The agency is focusing more and more on the transformation and enhancement of places with high heritage and historical value. While this theme naturally ties in with research on cultural projects, it leads the agency to question abandoned, neglected or marginalized sites, industrial wastelands, vacant or undeveloped sites. The dialogue between past and future is likely to bring out the collective memory of a place.
Who can estimate whether an existing structure, regardless of its aesthetic value, must be conserved-transformed-renovated-valued? Who has the choice to shave, rebuild or expand?
Our historic cities must be renewed with the desire to build a harmonious relationship between old and new, past and future. It is to highlight a context, an existing place avoiding any pastiche or makeup. The architect's mission is to highlight the qualities of a building, through reinterpretation, light rehabilitation or strong restructuring, and more, a complete transformation or a new contemporary layer.

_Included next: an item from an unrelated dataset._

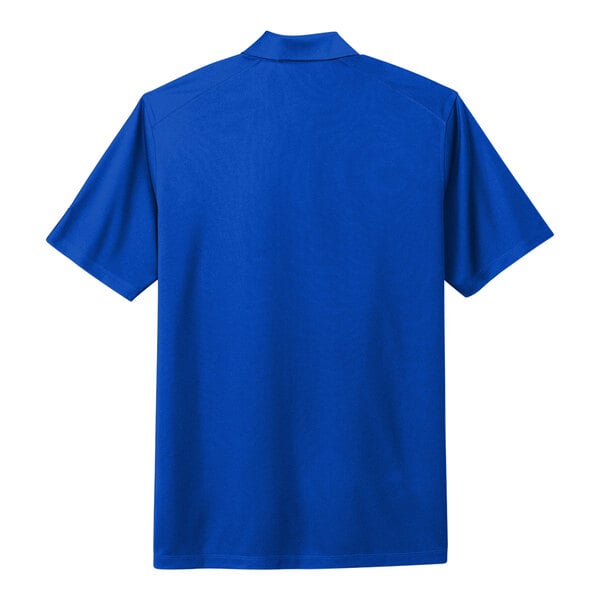 A blue Nike polo shirt with a collar.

The agency tries to value the past by linking it to the present in cultural projects and public facilities but also on a diffuse urban scale. Ranging from high-rise projects to public spaces, from urban squares to arteries in the city, district, city or territory. A cultural and architectural heritage can not exist solely as a museum showcase of our cities. It must participate in the construction of a true new form of urbanity and not only be a tool for the sake of a simple cultural consumption.

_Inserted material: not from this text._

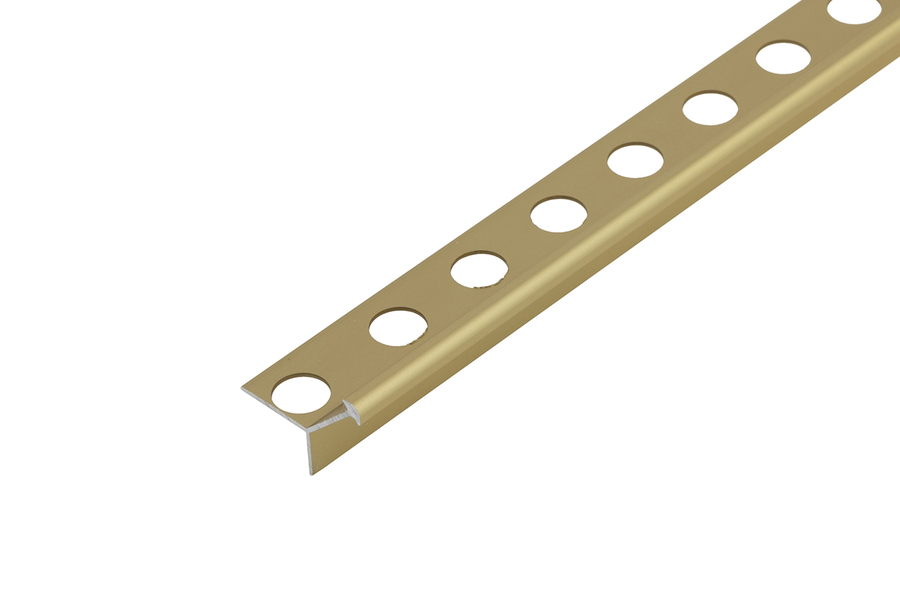 Profil zewnętrzny wąski do glazury aluminium anoda 12mm 2,5m Złoty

This obsession to leave a trace must be transformed into a more human and more conscious intention. More and more opportunities for projects marrying old and modern are offered to architects, so they must be ready to work for this type of project. Otherwise, it will lead to a continuing disagreement between an inherently detailed legacy and so-called contemporary interventions whose concerns are more related to budget, timeliness and profitability.